NICOSIA, Cyprus — The International Monetary Fund said Wednesday it will contribute 1 billion euros to an overall financial rescue package of 10 billion euros ($12.8 billion) for Cyprus.
The IMF's managing director Christine Lagarde said the contribution would be made via a three-year loan that's expected to be cleared by the fund's executive board in early May.
Earlier this week, the final terms of the Cyprus bailout were agreed between the small Mediterranean island nation and the European Union and the IMF, following a protracted crisis that saw the country's banking sector shut down for the best part of two weeks.
Lagarde and Olli Rehn, the top monetary affairs official at the European Commission, the EU's executive arm, said “significant challenges lie ahead for Cyprus” as the government sets in motion a multiyear program of reforms to rebuild its banking sector and austerity.
Apart from spending cuts and tax increases worth about 5 percent of Cyprus' annual gross domestic product that have already been put in place, Lagarde said the country will need to do more. She said Cyprus will have to raise another 2 percent through measures such as a corporate tax rate hike from 10 to 12.5 percent, and the doubling of the interest rate tax to 30 percent.
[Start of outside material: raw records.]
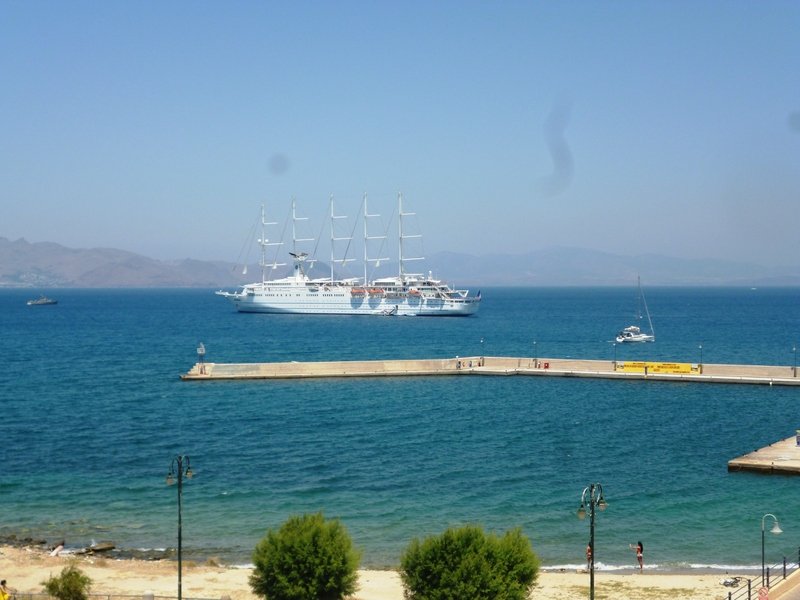 Фото Zephyros Hotel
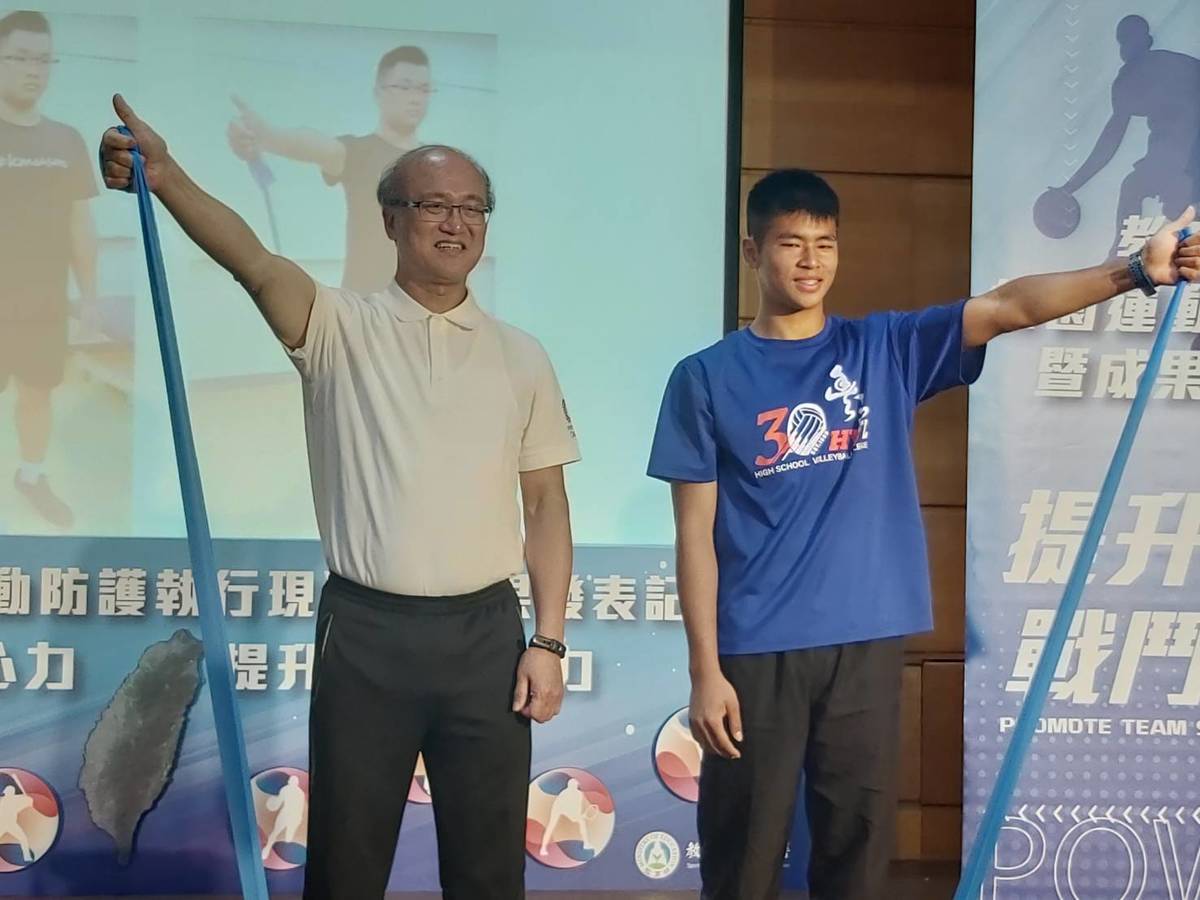教育部次長林騰蛟(左)與豐原高商排球隊選手一起示範彈力帶訓練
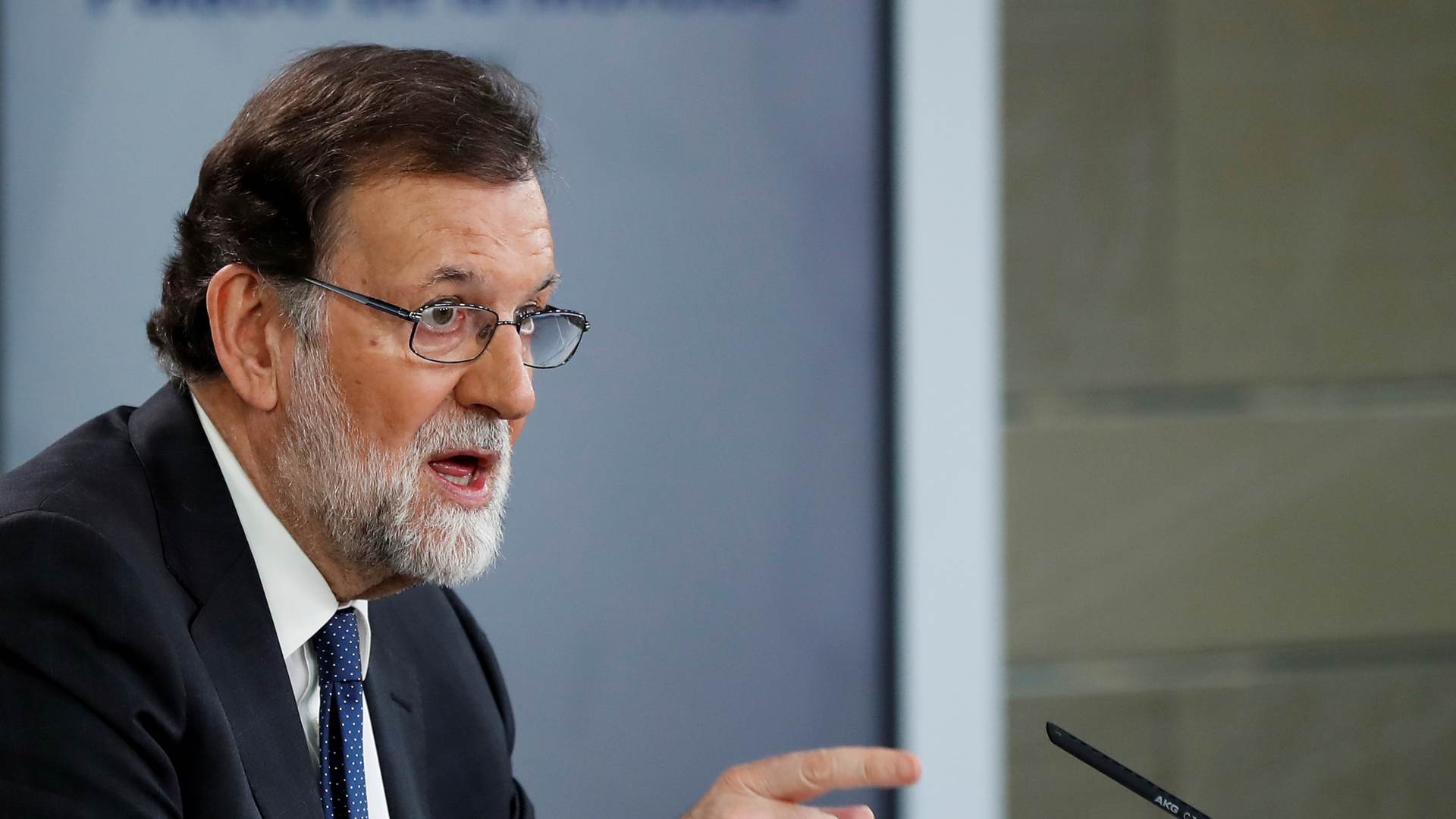 Rajoy descarta dimitir por la moción de censura anunciada por Sánchez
The IMF chief said an additional 4.5 percent will be needed over the medium term if the country is to achieve a budget surplus worth 4 percent of its annual GDP by the target date of 2018. “We believe that it provides a durable and fully financed solution to the underlying problems facing Cyprus and provides a sustainable path toward a recovery,” Lagarde said.
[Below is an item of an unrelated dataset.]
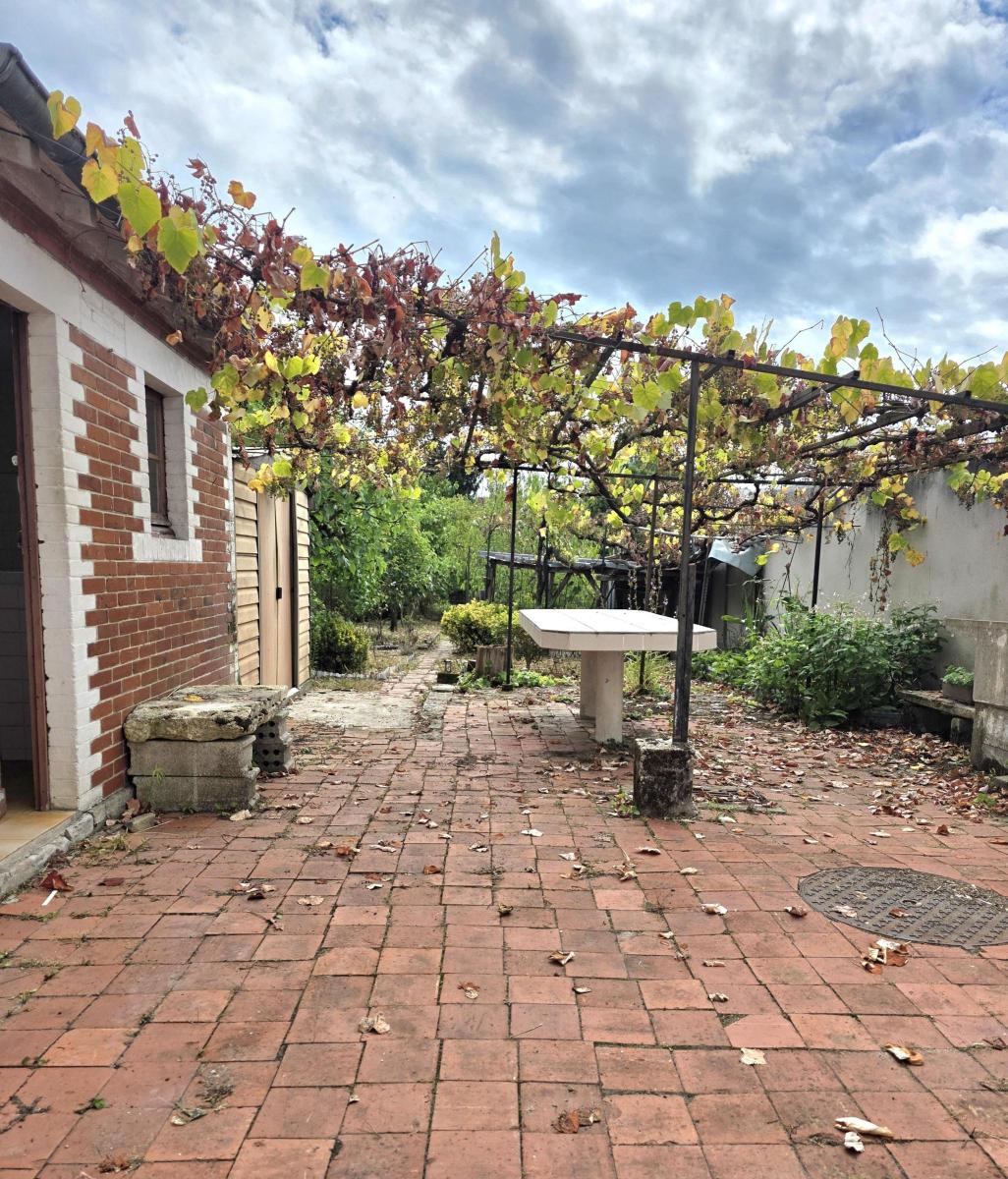 Maison 4 pièces 90 m² · à Vierzon · 90 m² · 63 800 €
EU Commission spokesman Olivier Bailly said the bailout will need parliamentary approval by the end of this month so rescue money can reach Cyprus in May.
To secure the bailout, Cyprus had to agree that bondholders, investors and savers in the country's two biggest banks — Bank of Cyprus and Laiki — take a hit.
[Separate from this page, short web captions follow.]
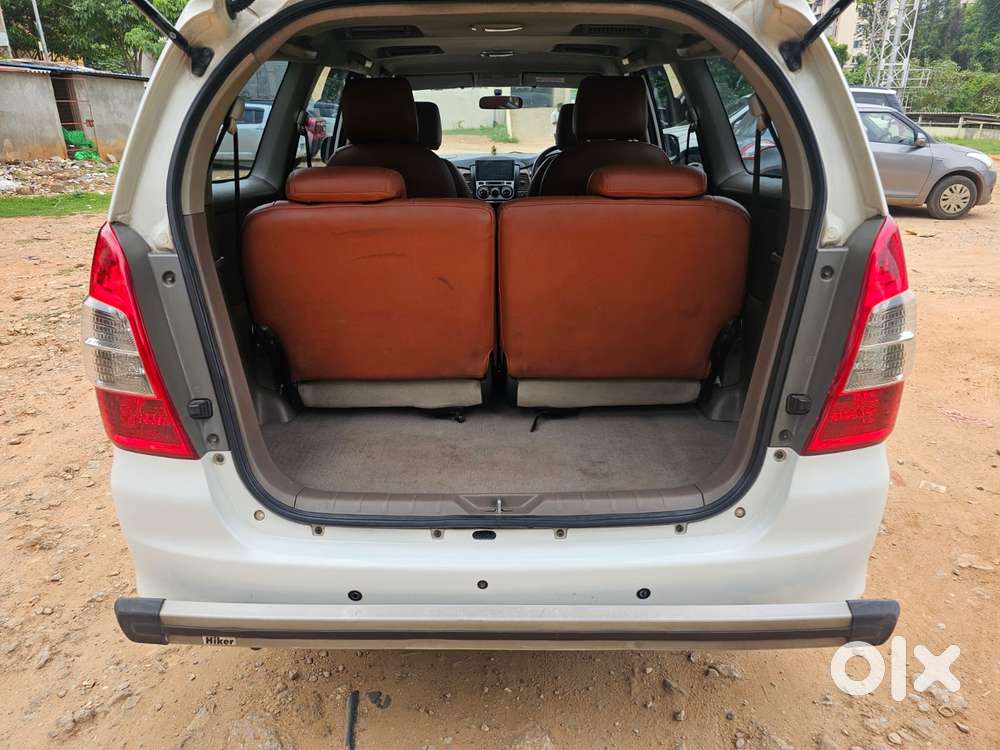 Toyota Innova 2.5 G (diesel) 7 Seater, 2015, Diesel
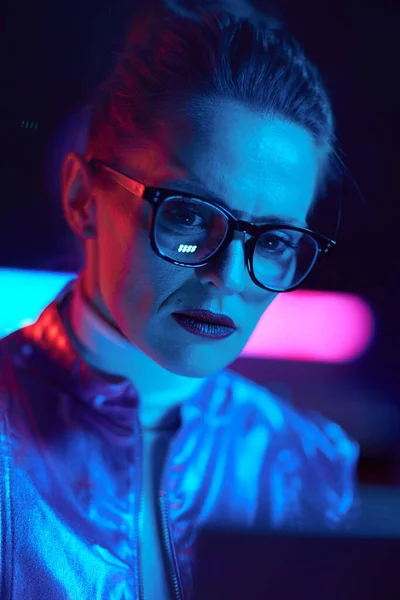 Neon Metaverse Futuristisches Konzept Porträt Einer Stilvollen Geschäftsfrau Mit Laptop — Stockfoto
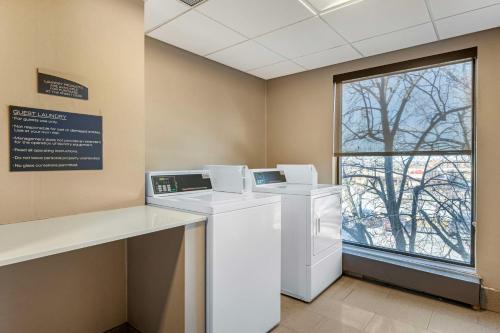 Comfort Inn Downers Grove - Lombard - image 13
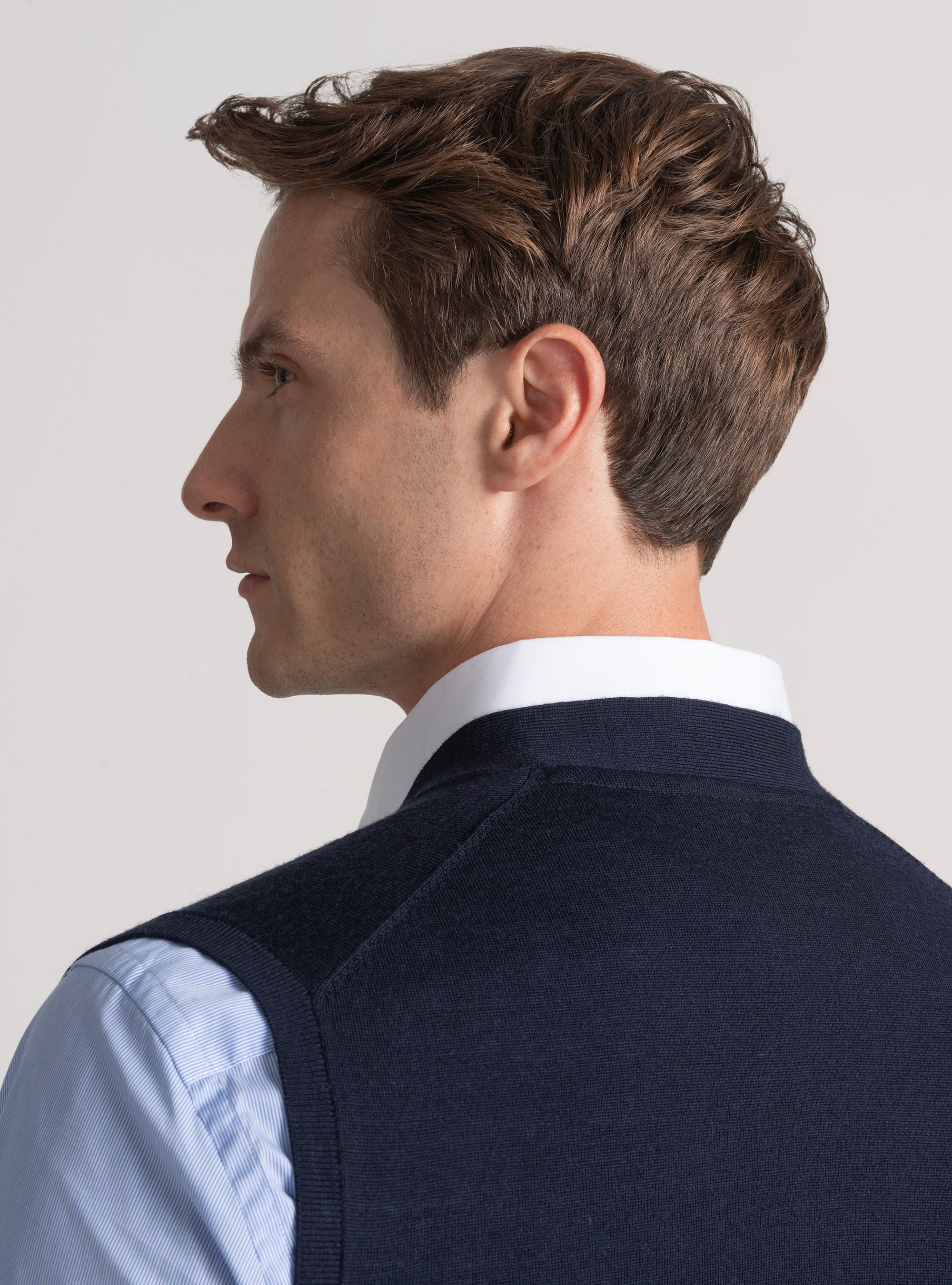 Knitted gilet with buttons in extra-fine merino wool, NAVY BLUE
Laiki, the country's second-largest lender, will be broken up with depositors with more than 100,000 euros ($128,000) taking major losses. Savers with more than 100,000 euros at the Bank of Cyprus could face losses of up to 60 percent as part of the deal.
The remaining 40 percent of those large Bank of Cyprus deposits remain frozen “for liquidity reasons.”
But the country's central bank said Wednesday a quarter of that 40 percent would be freed up to let cash-starved businesses keep running.
To head off a potential bank run, Cypriot authorities imposed restrictions on how much people can take out of their accounts when they reopened last week.
The restrictions included a daily cash withdrawal limit of 300 euros and a cap of 1,000 euros in cash for people leaving the country.